Records provided:
[Start of Attachment]

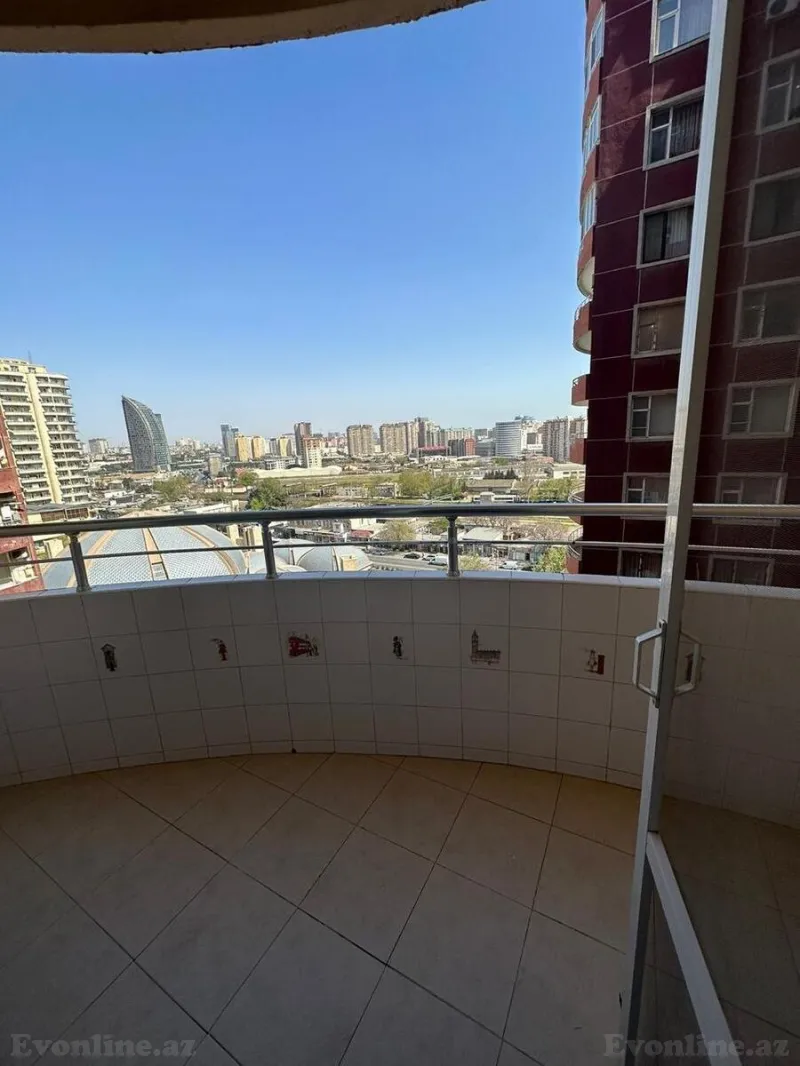 Kirayə verilir 3 otaqlı Mənzil Yeni tikili 130 m² 28 May m. - şəkil 10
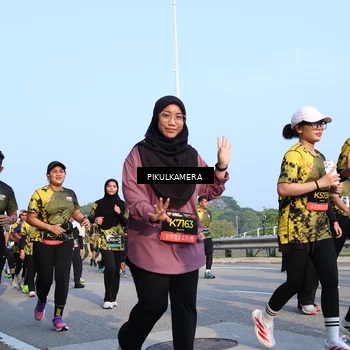 Runner Photo 6311824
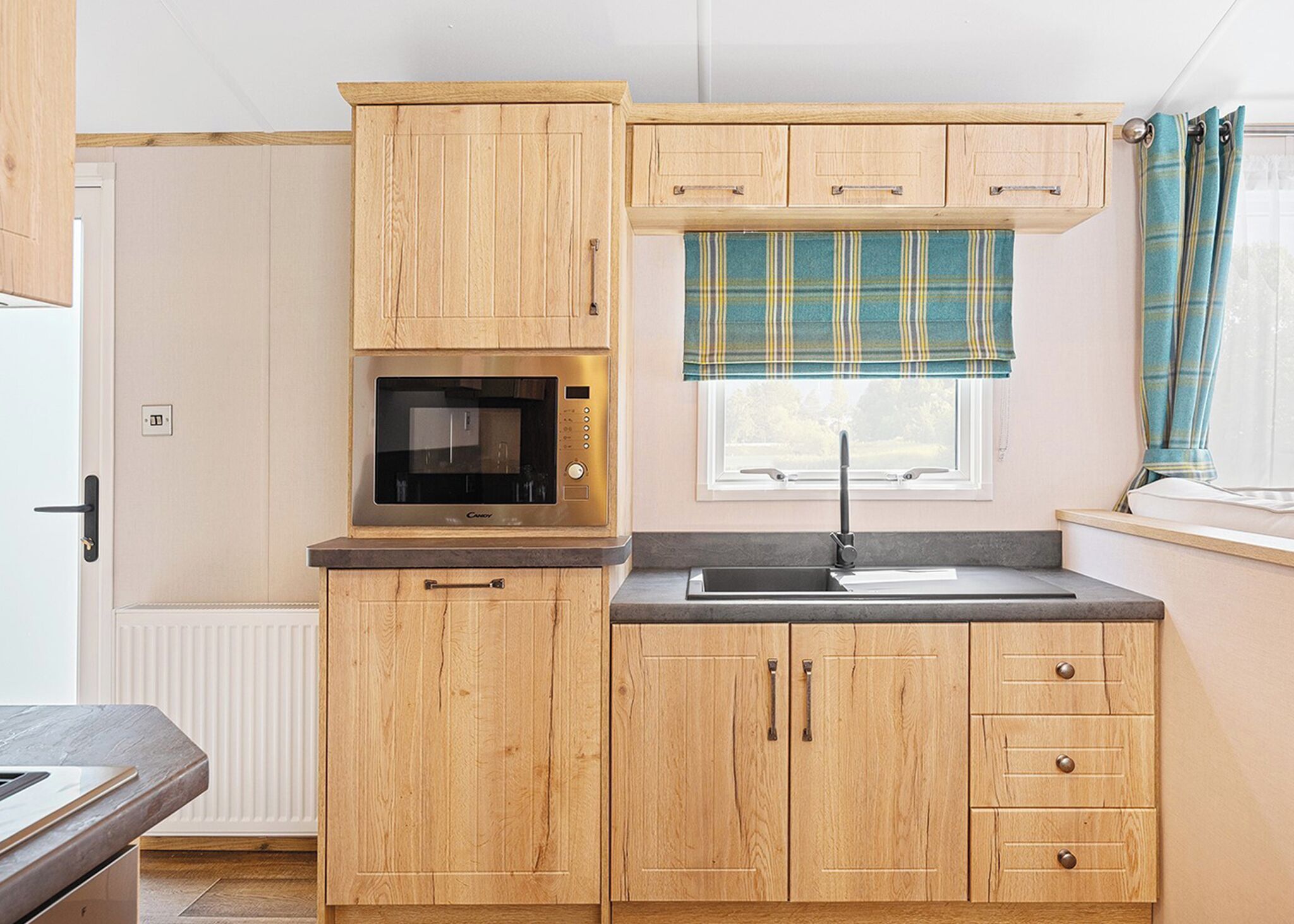 Fridge, oven, stovetop, toaster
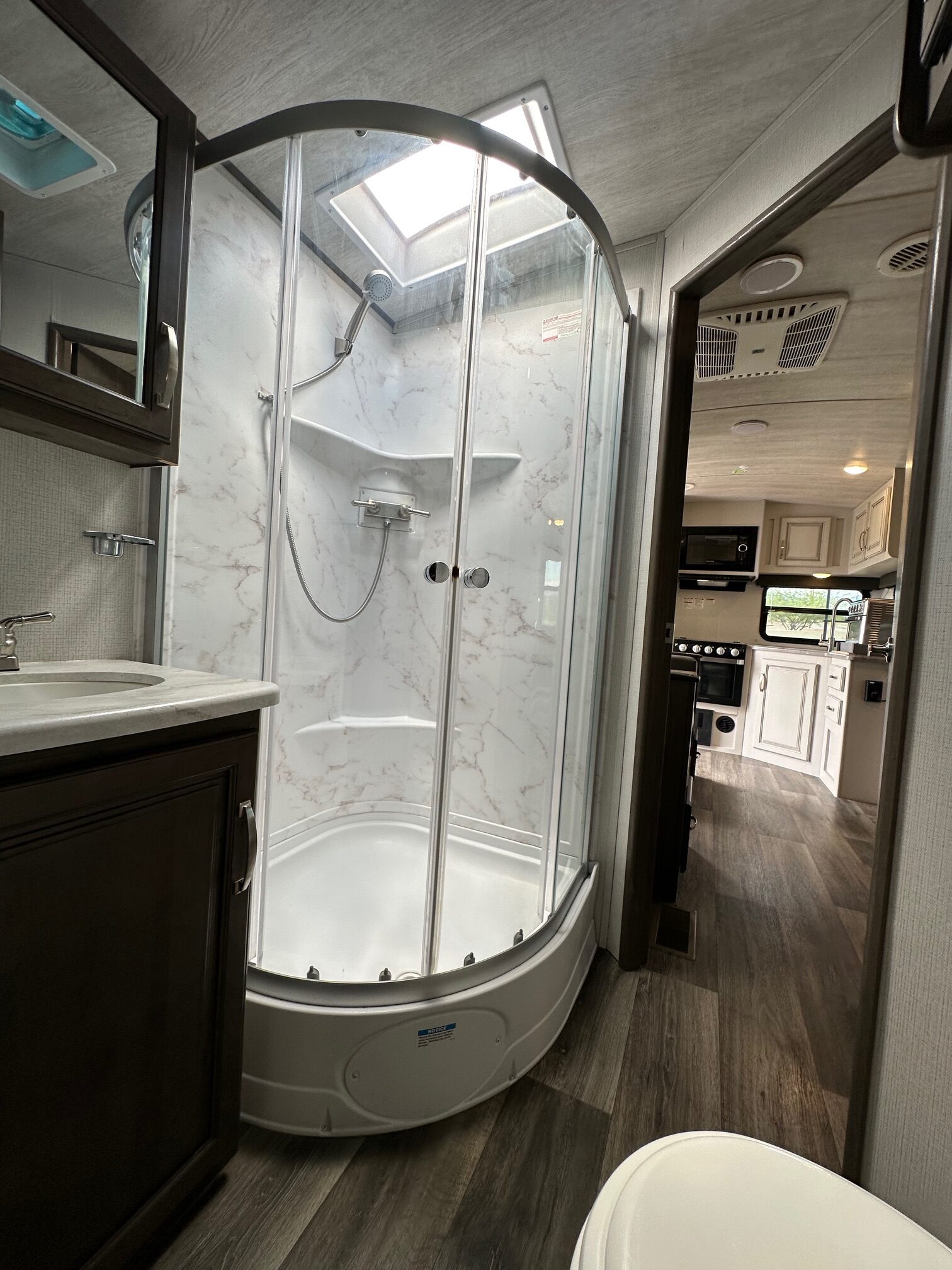 2021 Keystone Cougar 24SABWE travel trailer with solar!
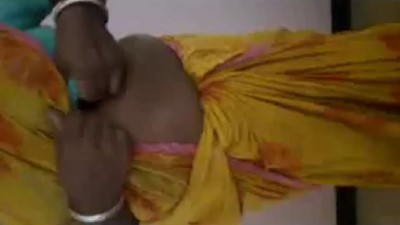 அம்மா ரவுண்டு முலை பாவாடை துக்கும் மகன்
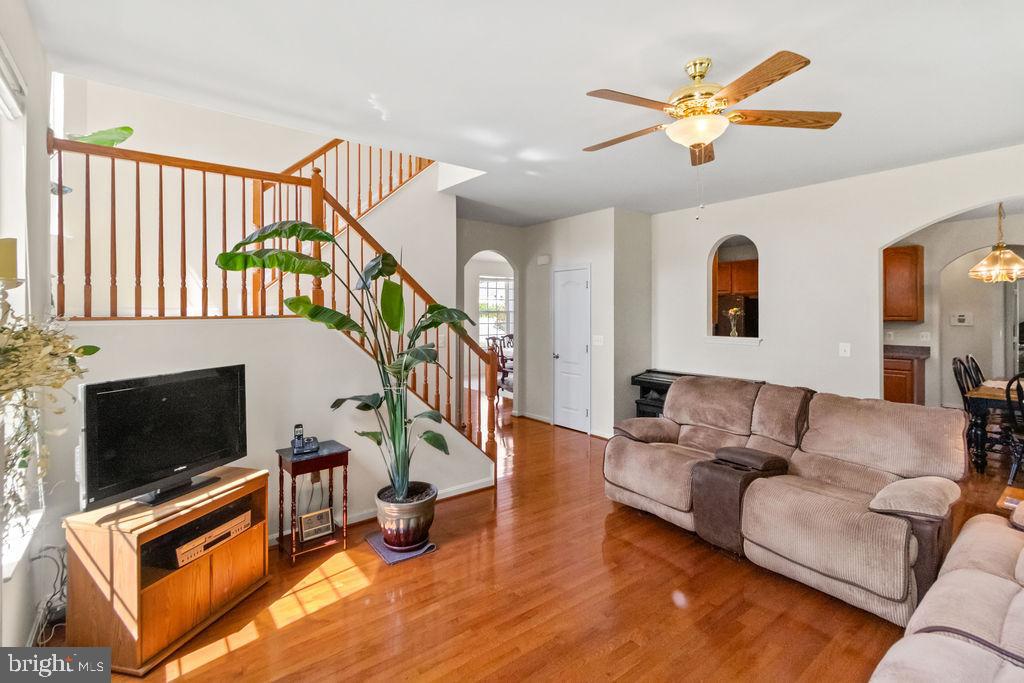 17088 Windward Ln Property Photo 5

[End of Attachment]

Exercise directions:
Repeat each entry precisely as it appears. Leave the pictures out.

Written answer:
 Kirayə verilir 3 otaqlı Mənzil Yeni tikili 130 m² 28 May m. - şəkil 10
 Runner Photo 6311824
 Fridge, oven, stovetop, toaster
 2021 Keystone Cougar 24SABWE travel trailer with solar!
 அம்மா ரவுண்டு முலை பாவாடை துக்கும் மகன்
 17088 Windward Ln Property Photo 5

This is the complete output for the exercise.